UA-48009635-1 UA-48009635-1

Tuesday, February 21, 2012

Happy Pancake Day




I'm noodling through what to give up for Lent. I use the word noodle figuratively because I could give up those edible worms easily. I would miss coffee and wine much, much more.

And in talking about Lenten sacrifices, I hope I'm not doing just what we're told not to do - look forlorn and seek attention for what we're giving up or giving. I do not mean it that way. I swear. Swear in a promise (not cursing) way. You know what I'm saying.

One year I gave up salt, another year I gave up sweets.
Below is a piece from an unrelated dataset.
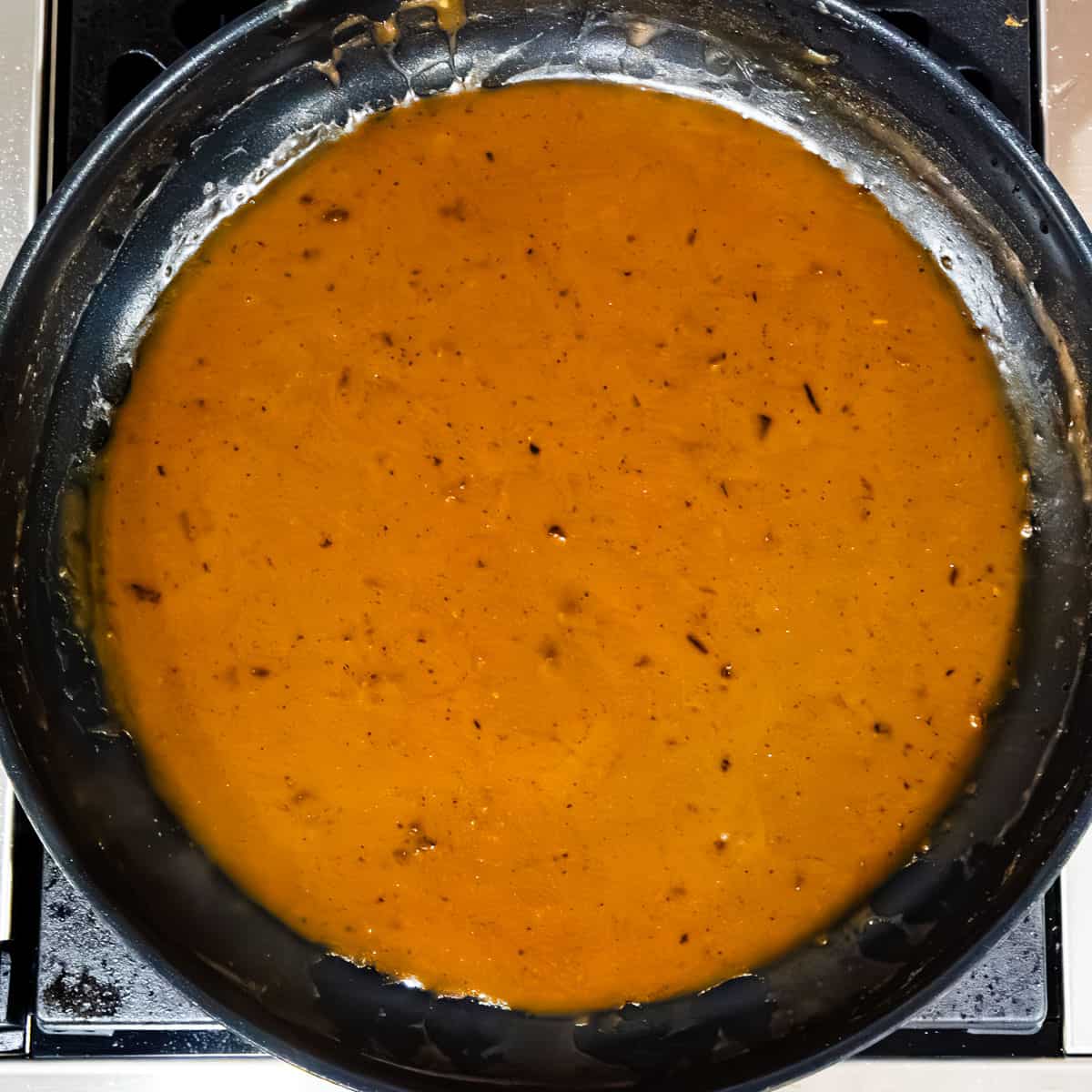 Cajun gravy sauce in a large skillet.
That really didn't do much because I just loaded up on savories. Most of those sacrifices weren't prayerful efforts to take Lent into my heart. Here we are still learning to live a little differently, so I wonder what I could give up that would be genuinely missed. I have already unintentionally given up margaritas. (And that is big. The only thing that would make a margarita more perfect is a jolt of caffeine. A peppy, boozy slurpee trimmed in salt? Yum!) Also guacamole has already gone by the wayside for us of late. Even more, my mother always taught us that just as important as sacrificing during Lent is doing good. We'll have do lots of that this year.
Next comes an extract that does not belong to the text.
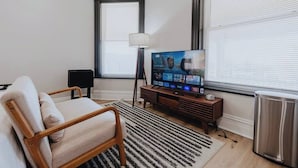 A living room with a sofa, a TV, a lamp, and a radiator.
When Biggest Brother was enrolled in a wonderful preschool at our church in Virginia, I would run in with the 2 little boys (Big Brother just a baby then) like I was on fire. At about 9:15 in the morning. As I fiddled with two whole car seats and exactly one school bag, I was in awe of a mother who would cheerfully unload her van of many, many well groomed smalls and walk into church to attend daily Mass together. How? I wondered most mornings. Honestly, sometimes I also wondered why?

But during Lent that year, I thought that (baby) Big Brother and I should stay for Mass. We were already there. A tradition began. So since I've had preschoolers, I've gone to daily Mass during Lent.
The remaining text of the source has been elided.